Clearly words were no longer necessary, so Patrick just sipped his coffee.
“And then Ric asked Courtney to marry him instead of me to get at Sonny. God damn Courtney,” Elizabeth muttered scathingly. “And then he slept with Faith Roscoe, a psycho blonde that caused my miscarriage.”
Patrick winced. “I’m sorry, Liz–”
“So that’s three separate guys that have tossed me over for blondes and Lucky has the nerve to do it again!” Elizabeth stabbed another sugar packet repeatedly.
“Okay, Sparky, I think we’re going to take the weapons away from you now–” Patrick plucked the fork out of her grasp. “If it makes you feel any better, clearly they have no taste. I would never sleep with a stripper or a psycho rather than you.”
Elizabeth frowned. “Thanks. I think.” She exhaled slowly. “Anger is better. Anger is easier. This will teach me to brag about my wonderful marriage, huh?” she said darkly. “Just the other day in the locker room, with you and that stupid guest list. Boy, what an idiot this makes me.”
“This does not make you an idiot,” Patrick told her. “This makes Lucky an idiot.”
“I hope he gets shot again,” Elizabeth said. “And this time, it hits him right in the–”
“Okay, okay,” Patrick cut her off, not wanting the visual image. “Is there anything I can do? Do you need a place to stay?”
“I’m going home after work to get Cam’s things and then we’re going to my Gram’s,” Elizabeth sighed. “I don’t know what comes after that.”

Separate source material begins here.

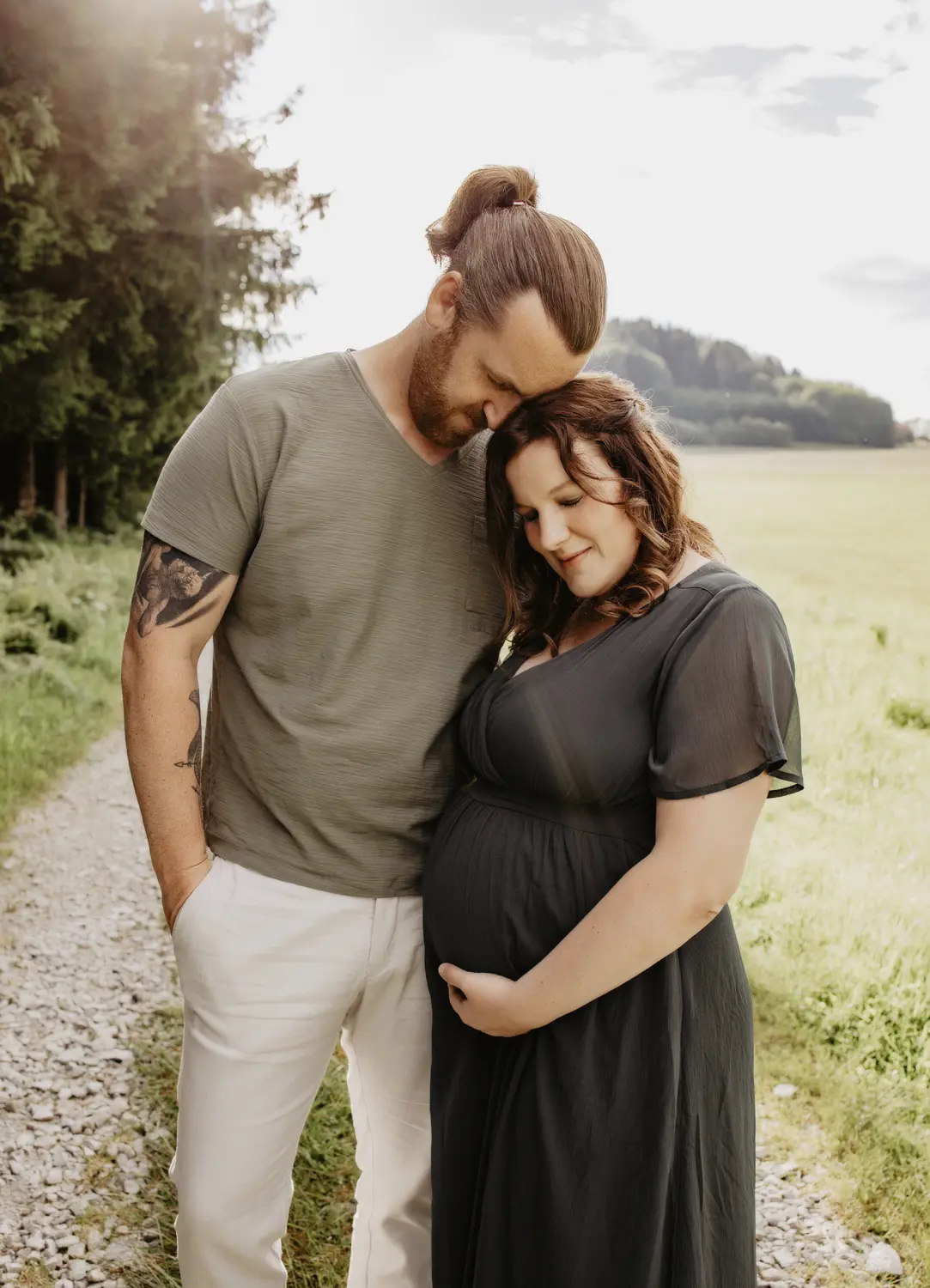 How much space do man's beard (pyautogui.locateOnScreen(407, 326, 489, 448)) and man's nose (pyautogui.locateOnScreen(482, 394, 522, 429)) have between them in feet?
0.05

“Well, here’s something. After the wedding, Robin and I are moving into her apartment until the baby is born but I haven’t put my condo up for sale or rent yet. I can sublet it to you until you know what you want to do.”
Elizabeth shook her head. “I could never afford the rent–”

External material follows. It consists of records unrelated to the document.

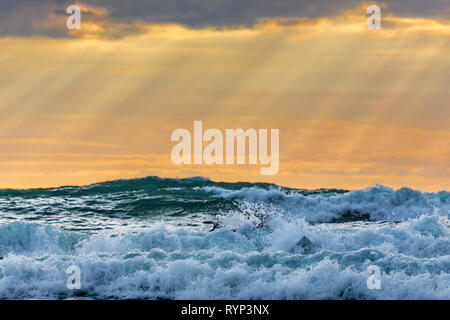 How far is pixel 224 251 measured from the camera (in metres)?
14.9

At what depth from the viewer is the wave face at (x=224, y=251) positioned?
41.0ft

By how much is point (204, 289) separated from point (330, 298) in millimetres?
2697

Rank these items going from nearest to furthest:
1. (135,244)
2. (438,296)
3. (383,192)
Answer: (438,296) < (135,244) < (383,192)

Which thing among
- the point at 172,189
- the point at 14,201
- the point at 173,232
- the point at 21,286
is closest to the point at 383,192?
the point at 172,189

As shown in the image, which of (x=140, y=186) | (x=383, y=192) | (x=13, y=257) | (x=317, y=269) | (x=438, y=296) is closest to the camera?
(x=438, y=296)

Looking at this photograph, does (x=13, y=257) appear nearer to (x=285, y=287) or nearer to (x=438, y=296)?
(x=285, y=287)

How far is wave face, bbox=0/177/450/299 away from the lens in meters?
12.5

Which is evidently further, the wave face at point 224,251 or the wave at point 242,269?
the wave face at point 224,251

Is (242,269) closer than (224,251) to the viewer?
Yes

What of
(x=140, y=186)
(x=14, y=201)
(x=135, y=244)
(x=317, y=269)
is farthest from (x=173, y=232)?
(x=140, y=186)

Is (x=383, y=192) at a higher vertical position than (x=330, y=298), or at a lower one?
higher

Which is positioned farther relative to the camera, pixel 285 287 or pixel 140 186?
pixel 140 186

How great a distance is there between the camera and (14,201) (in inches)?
1174

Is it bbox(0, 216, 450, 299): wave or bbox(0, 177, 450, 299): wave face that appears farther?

“You don’t have to, I don’t actually need the money,” Patrick shrugged. “It’s close to the hospital, it’s in a decent neighborhood.”
She hesitated. “If you’re sure. Just…for a while.”
Patrick nodded. “Okay, so after wedding and I’m moved out, you can move in. It’s actually saving me the hassle of renting it or selling it.”
“Well, glad this situation works for someone,” Elizabeth sighed. She shook her head. “Okay, let’s talk about something different. For example, why Robin tried to give you your ring back.”
“Oh, I fixed that,” Patrick told her. “I told her I loved her and that’s why I asked her to marry me.”
Elizabeth stared at him for a long moment before shaking her head. “No, you didn’t. You would never say that.”
Patrick frowned. “Well, I didn’t say those exact words but Robin got the idea.”
“Yeah, this is going to end well,” Elizabeth sipped her coffee and grimaced. “There’s no sugar.”
“Well, you killed them all with your trusty fork there, Sparky,” Patrick said dryly. “Those mean sugar packets won’t be bothering you again, I can tell you that.”